Zoe - I think your daughter's talents are reflected in the number of commissions she receives - a very impressive portfolio. I'd suggest that she adds some more things to her online shop. Has she tried selling through any galleries in Brighton - I've seen work on sale at a place called Art Republic (they also have a website) and frankly, your daughter's artwork is much better.

Thomas at My Porch said...

So many things can be said about bad art. I will limit myself to two. 1. I love/hate how house makeover shows always seem to include the creation of an "art piece" which I think is shorthand for "art piece of shit". 2. Another ubiquitous form of "art" in both good and bad galleries is the overuse of rust/gold/bronze colored paint. It all just looks like bad hotel art.

Okay, I think I have more than two things to say. We have found buying art online can be a little dicey. We have limited ourselves to buying original stuff at general auctions where some unknown painting by an unknown artist catches our eye. So far the results, once delivered have been one that kind of lived up to expectations, one that did not and has since been donated to a charity shop, and then one I bought on a whim when bidding on the first one mentioned that I like quite a bit. The good news is they were all acquired with relatively little money.

We have also been in a habit of buying art when we travel (and not touristy art either). What we discovered when moved into a bigger house with more wall space is that most of purchase, while perfectly lovely, were all a little on the small side and we quickly ran out of small walls on which to hang them.

Finally, when we went on a Celebrity cruise (which we liked way more than we ever thought we would) we were shocked by how good their art collections are. Modern, well-curated, challenging, diverse, and not at all what you expect on a cruise ship or hotel or most public space where decor is more important than art.

As always, love your perspective.

Julia Killingworth said...

Really enjoyed reading your blogs...very entertaining thank you. In return I invite you to glance through some of my art work (just started a facebook page kindly set up by my daughter) Black Cat Designs -Julia Killingworth.

Anonymous said...

I rather like both paintings. That's enough defence for their existence I think.

Anonymous said...

Oh and loathe snobbery about 'bad art'. Everyone really can make it. Whether or not it is good is subjective. It's nonsense to say those pictures were painted by people who can't paint. Obviously they can, you just don't like how they do. I would hang them quite happily in my house.

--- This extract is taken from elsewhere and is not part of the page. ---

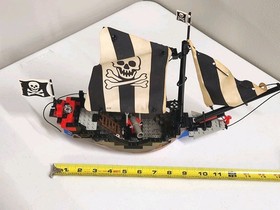 Lego 6268 Renegade Runner Pirates Boat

Art is about expression, it's not about being qualified and quantified. Just as we can all dance we can all make art.

Steerforth said...

Anonymous - I couldn't disagree with you more, but it's always interesting to read a different opinion.

Anonymous said...

There is so much bad art we're able to see on the internet because it is the internet. It is the same reason there are so many examples of bad writing, another art form.
The irony is that I think bad writing is a blog post about a question that never addresses the question, but chooses to lead up to it, tantalizing inadvertently, while taking the reader on tangents, only to finally end with a paragraph or two and no real conclusion.
Or maybe irony is the point?

Steerforth said...

Anonymous - I'd be more specific and call it lazy writing - it's just a blog post, not an essay or piece of journalism - written to provide a minute's amusement (or irritation, in your case) for someone who finds themselves in a queue or at a bus stop. I like tangents and a conclusion would be rather portentous for something so lightweight.

Anyway, thank you for taking the time to comment.